■ **TASK OBJECTIVE**: Copy exactly the lines from the line holding "Retro Washed Denim" through the end of the material, and no others; pictures stay out.
──────── GIVEN INFORMATION
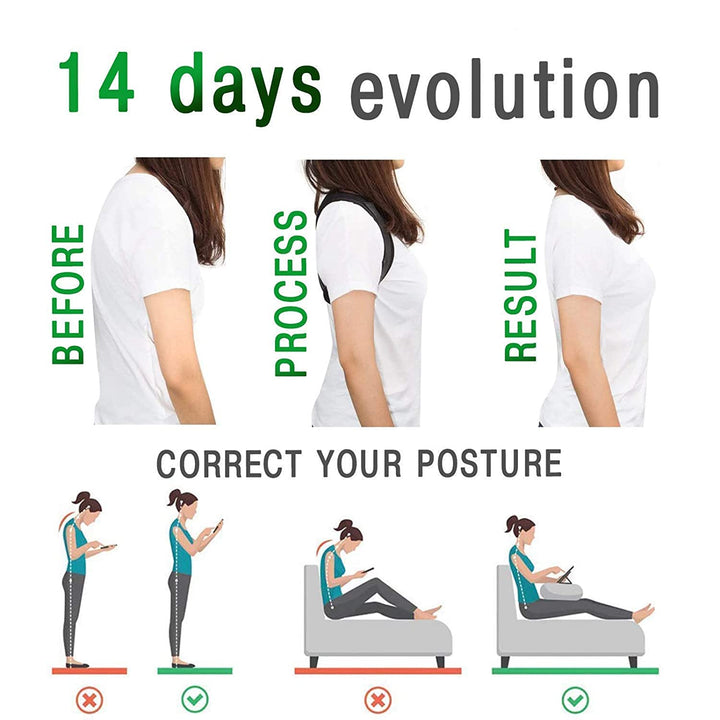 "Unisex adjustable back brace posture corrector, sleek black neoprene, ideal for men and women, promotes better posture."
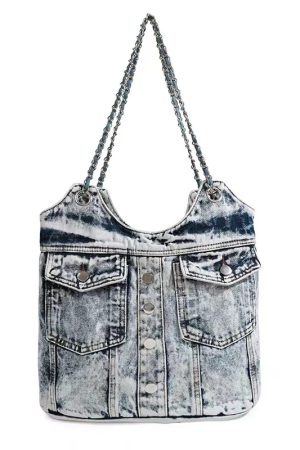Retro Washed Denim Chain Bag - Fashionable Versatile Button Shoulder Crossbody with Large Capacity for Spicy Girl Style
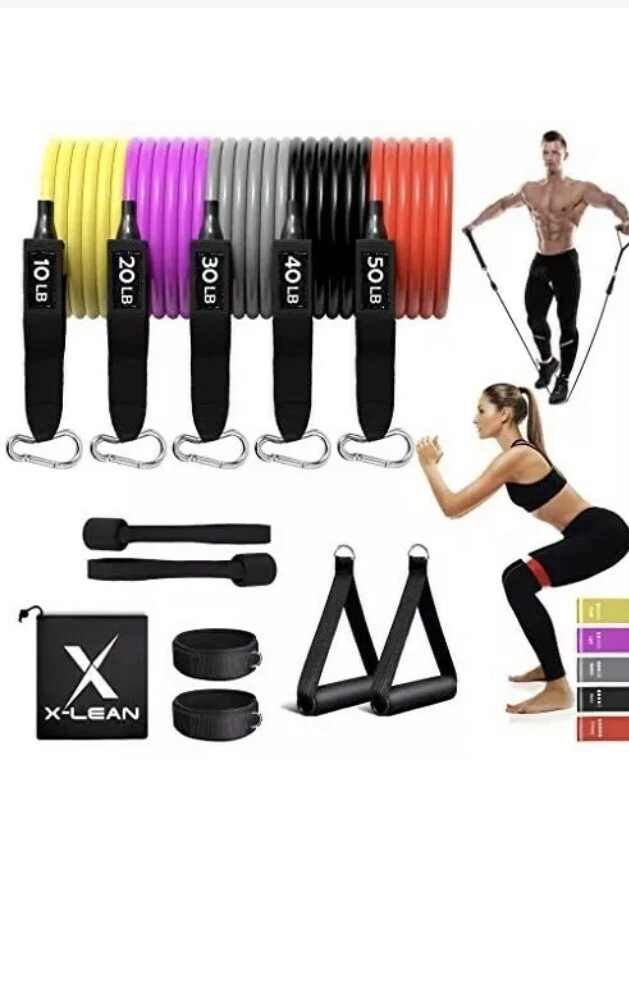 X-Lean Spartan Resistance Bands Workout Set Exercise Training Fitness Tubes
────────────────
■ **SOLUTION**:
Retro Washed Denim Chain Bag - Fashionable Versatile Button Shoulder Crossbody with Large Capacity for Spicy Girl Style
 X-Lean Spartan Resistance Bands Workout Set Exercise Training Fitness Tubes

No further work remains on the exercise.